Libraries are worried about asking cardholders for their email addresses. Your cardholders won’t be put out by the request. The average consumer is accustomed to giving out their email address in exchange for marketing messages targeted specifically to them. I did this when I went shopping at Yankee Candle a couple of years ago and now I buy candles several times a year because I get messages based on the kind of fragrances I purchase and the sales I like to shop. It’s convenient for me and it’s beneficial to Yankee Candle, I’m sure! The same thing happened with my local grocery store–I signed up for their rewards system and regularly get emails for deals based on items I purchase. I expect to be marketed to–so do your cardholders.

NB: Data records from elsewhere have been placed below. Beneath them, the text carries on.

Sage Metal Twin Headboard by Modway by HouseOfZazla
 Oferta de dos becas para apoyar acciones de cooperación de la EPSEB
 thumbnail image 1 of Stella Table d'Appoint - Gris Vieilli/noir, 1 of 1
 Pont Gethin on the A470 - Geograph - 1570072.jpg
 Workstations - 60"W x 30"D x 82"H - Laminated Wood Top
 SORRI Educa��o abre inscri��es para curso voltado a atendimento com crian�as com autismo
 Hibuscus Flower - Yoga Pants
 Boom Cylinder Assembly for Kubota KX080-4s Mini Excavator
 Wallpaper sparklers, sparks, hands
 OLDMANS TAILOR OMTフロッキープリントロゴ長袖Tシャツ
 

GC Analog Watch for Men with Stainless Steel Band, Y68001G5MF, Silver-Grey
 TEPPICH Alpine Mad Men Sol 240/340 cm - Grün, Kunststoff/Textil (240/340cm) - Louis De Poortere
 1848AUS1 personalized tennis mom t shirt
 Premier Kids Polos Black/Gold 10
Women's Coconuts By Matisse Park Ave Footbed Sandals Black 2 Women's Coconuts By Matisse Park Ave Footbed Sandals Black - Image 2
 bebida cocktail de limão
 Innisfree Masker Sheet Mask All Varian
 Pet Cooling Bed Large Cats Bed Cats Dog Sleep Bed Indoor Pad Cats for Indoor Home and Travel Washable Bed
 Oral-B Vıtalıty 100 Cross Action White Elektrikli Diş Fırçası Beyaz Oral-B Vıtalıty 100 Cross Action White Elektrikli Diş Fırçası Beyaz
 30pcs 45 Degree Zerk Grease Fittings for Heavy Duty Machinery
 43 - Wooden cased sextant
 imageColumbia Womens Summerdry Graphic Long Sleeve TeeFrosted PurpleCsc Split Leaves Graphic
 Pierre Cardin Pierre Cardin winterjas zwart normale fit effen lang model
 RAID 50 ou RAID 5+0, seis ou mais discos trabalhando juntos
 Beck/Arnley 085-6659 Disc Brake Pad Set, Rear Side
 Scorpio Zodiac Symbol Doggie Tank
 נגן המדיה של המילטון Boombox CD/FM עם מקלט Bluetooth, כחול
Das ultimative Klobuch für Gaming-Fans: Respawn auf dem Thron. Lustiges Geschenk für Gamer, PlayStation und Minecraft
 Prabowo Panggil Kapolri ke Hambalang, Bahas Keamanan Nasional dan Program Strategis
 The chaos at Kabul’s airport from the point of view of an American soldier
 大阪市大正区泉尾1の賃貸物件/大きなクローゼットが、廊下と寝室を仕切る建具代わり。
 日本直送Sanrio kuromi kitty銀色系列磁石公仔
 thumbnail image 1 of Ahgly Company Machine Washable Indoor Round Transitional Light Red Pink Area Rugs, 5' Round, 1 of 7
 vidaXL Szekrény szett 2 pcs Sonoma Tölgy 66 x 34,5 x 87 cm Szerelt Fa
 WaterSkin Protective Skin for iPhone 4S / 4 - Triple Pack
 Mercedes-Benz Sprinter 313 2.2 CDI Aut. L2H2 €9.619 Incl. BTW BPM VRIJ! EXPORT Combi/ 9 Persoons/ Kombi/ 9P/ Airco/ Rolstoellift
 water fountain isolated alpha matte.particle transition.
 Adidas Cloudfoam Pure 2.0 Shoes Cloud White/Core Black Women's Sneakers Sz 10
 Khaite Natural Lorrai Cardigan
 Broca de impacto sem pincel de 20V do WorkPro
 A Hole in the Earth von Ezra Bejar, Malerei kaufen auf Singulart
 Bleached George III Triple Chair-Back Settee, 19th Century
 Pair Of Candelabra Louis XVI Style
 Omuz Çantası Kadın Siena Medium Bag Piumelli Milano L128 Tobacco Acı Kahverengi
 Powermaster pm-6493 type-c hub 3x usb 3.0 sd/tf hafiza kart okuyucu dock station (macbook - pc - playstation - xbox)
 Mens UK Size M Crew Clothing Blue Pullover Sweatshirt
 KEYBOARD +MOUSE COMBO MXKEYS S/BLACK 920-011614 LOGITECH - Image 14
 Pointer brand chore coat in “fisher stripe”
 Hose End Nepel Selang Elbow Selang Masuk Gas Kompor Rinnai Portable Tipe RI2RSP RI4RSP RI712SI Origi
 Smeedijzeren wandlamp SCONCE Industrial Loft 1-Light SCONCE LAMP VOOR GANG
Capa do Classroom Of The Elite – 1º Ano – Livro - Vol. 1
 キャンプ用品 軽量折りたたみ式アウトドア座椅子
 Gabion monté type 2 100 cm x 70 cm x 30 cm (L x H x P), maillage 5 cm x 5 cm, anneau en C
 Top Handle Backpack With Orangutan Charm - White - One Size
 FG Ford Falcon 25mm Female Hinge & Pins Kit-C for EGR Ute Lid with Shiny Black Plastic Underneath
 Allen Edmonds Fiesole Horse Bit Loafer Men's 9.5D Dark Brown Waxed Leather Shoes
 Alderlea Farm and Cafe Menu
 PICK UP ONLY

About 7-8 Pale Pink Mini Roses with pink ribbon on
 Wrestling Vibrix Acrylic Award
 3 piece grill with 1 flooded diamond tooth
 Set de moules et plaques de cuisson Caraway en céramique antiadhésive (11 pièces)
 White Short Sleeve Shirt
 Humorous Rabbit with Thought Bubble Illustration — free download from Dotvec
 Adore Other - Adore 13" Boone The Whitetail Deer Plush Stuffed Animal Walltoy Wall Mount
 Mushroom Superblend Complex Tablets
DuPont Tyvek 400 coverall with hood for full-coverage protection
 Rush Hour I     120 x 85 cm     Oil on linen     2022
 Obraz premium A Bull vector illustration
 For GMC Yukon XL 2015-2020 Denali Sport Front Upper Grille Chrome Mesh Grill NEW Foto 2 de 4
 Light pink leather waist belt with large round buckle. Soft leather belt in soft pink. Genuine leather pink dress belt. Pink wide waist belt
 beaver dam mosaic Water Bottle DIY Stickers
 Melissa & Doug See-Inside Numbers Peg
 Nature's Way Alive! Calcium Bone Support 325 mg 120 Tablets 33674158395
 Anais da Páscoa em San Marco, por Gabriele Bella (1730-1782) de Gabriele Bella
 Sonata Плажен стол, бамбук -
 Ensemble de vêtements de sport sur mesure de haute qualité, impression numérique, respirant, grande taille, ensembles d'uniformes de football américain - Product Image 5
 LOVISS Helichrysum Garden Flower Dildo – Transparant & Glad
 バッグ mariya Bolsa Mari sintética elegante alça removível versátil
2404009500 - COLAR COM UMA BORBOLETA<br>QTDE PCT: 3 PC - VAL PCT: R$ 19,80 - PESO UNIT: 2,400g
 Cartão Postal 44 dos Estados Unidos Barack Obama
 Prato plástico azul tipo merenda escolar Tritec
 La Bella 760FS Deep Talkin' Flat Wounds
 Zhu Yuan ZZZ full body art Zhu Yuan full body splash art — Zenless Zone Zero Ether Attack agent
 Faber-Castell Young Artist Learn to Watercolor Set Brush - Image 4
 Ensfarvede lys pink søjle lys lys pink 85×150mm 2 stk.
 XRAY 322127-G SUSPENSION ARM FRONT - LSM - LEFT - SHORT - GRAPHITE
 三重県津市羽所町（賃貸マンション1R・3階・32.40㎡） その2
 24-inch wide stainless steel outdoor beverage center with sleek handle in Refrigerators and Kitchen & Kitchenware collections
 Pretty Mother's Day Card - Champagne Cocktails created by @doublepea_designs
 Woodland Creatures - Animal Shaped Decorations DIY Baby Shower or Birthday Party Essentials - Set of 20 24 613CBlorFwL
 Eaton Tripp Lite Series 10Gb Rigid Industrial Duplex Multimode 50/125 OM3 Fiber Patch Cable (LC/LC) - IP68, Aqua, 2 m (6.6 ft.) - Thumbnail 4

Libraries worry that segmenting cardholders into clusters is an invasion of privacy. There are software systems which allow you to segment cardholders without actually seeing what they’re checking out. At my library, we are only able to see that a customer checked out an eBook from Overdrive or borrowed a song from Hoopla… we can’t actually see the title of either checkout. I admit that seeing the title would be nice and would help us to target our cardholders even more effectively. Think about the marketing potential you’d have if you knew that a particular person checked out a dozen cookbooks every time the holidays rolled around… or that they are a mega-fan of Stephen King! In any case, I can’t see the titles and therefore, I cannot breach the privacy of any of my cardholders.
Libraries worry that by sending targeted messages to segmented audiences, they will miss out on the chance to get their message to all their cardholders. Many libraries are sending the same message to every cardholder, sometimes hundreds of thousands of people in one burst. It feels like the natural thing to do. “Everyone needs to know about this!” The problem with that approach is that your cardholders are individuals. One message never fits them all. This is particularly true if your service area covers a range of incomes and demographics. The needs and interests of your cardholders vary greatly. By targeting your message, you are more likely to say something that matters significantly to your cardholders, which makes them more likely to take an action, which makes it more likely that your email will be successful. Some of my most successful marketing emails were sent to less than 2000 cardholders.
In addition to cardholder usage, most email software systems will allow you to target emails by location. We did this for a recent branch anniversary celebration, sending notice of the party only to people who had listed that branch library as their home location–which amounted to 14,000 cardholders or 2.3 percent of the total number of cardholders in our system. The branch manager thought 250 people might show up for the celebration. She was surprised when 400 eager cardholders came to the party! That’s success, my friends.
Do not let your fears about email set you up for failure. Your cardholders want to hear from you. There are not very many industries who can say that their customers are begging to be marketed to… let’s take advantage of it and give the people what they want!